All first-gen WebTV/MSN TV clients store text strings and fragments of HTML used to compose some panels in proprietary file pairs contained in a ROMFS container. This pair consists of two files with specific extensions: a named .dat file that stores the actual string data, and a companion .dir file with the same name as the .dat, which contains pointers to each string in that file. These file pairs are usually stored under the ROMFS directory /ROM/Local/, and both files in each pair are either named USNNN or WWNNN (only seen with WebTV for Dreamcast), NNN being a padded number sequence. For simplicity, we will simply refer to the entire format as ROM string files.

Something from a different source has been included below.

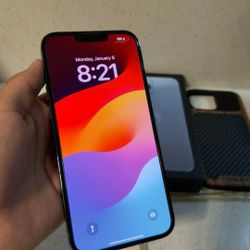   Phone    13   Pro Max   256GB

The .dat files used for ROM string files store strings by simply storing the raw data sequentially, adding a NUL byte to the end of each string. .dir files store pointers to the start of each string in its corresponding .dat file as a sequence of packed 32-bit integers in big endian format. The .dir files are used to properly read the .dat strings, where they are read from each pointer until a NUL byte is reached.

Caveats

ROM string files do not have any standard for newlines or any way to specify what newline format is used in a set of strings, and as observed in several WebTV/MSN TV builds, the newline format used can vary between builds/releases and is not guaranteed to be consistent. For example, the WebTV Classic builds and WebTV for Dreamcast usually store line-separated text in ROM string files with the line feed terminator, while the 2.9 MSN TV builds for some reason use carriage return (CR) for line-separated text in its ROM string files.

Text encoding is also not explicitly defined for strings stored in ROM string files, expecting the WebTV/MSN TV client to use its own set encoding for rendering the text. English WebTV/MSN TV box builds appear to use standard ASCII for ROM strings, while WebTV for Dreamcast uses Shift-JIS encoding for all of its ROM strings.